I use these LLM tools on a daily basis for various tasks. One has to know "how" and "when" to use them as a tool, but never as an authority. These are not more intelligent than humans, only faster at retrieving information it has in its LLM. Any translator worth their salt would never just rely on an LLM translation, for modern or classical languages. A few hours of experience will show you how much nonsense it spews out alongside useful data. Every word and every sentence needs to be sifted through, and we still find major errors, in a process that can be just as laborious as translating oneself from scratch.

Just using the OP's examples, for instance. When you get beyond the fact that a computer is able to write something comprehensible and convincing, if you look at it as a translator, the examples are both inaccurate and unusable. The verses are split wrong, basic vocabulary is misidentified, and it doesn't have knowledge of the nuances of Buddhist Hybrid Sanskrit grammar as used in Dharanis and mantras that a scholar who works on these would know about. Moreover, it just hallucinated passages not in the source text, which a Buddhist human translator would view as a very serious fault.

How is this useful? Well, it is essentially a very fast dictionary look up tool. Suppose you are competant in Tibetan and Sanskrit grammar and you have a good sense of the general vocabulary, but you need a quick jog to the memory on words you haven't seen in a while, having these translations can help you to have an immediate look up, for what would take a few minutes with a regular online dictionary, or a half hour with a paper dictionary.

The second use case is in sorting out unusual syntax.

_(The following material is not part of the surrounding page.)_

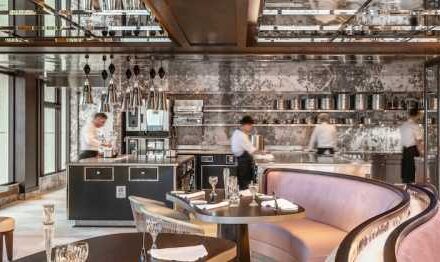 Cristal Room Unveils Festive Menus & Macallan Magic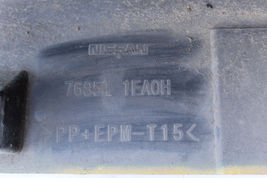 09-10 NISSAN 370Z DRIVER LEFT LOWER SIDE SKIRT PANEL MOLDING V799 image 7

It also isn't always right, but sometimes it can give you an idea of how syntax might fit together in a more complex sentence with subclauses and so forth.

Finally, I would say that even though Gemini is an advance over Bard, it is still less reliable than GPT4. For Tibetan, both are less reliable than MonlamAI. A translator would never "rely" on these, but might "refer" to them as they would to a dictionary.

How is it not useful? Basically, if people who don't know these languages rely on these translations as authoritative, they are guaranteed to be relying on wrong translations most of the time. If you don't read Buddhist languages, support translators who can interpret more accurately by purchasing their translations or donate to translation projects. Without the human translators, we won't know the rubbish from the Dharma.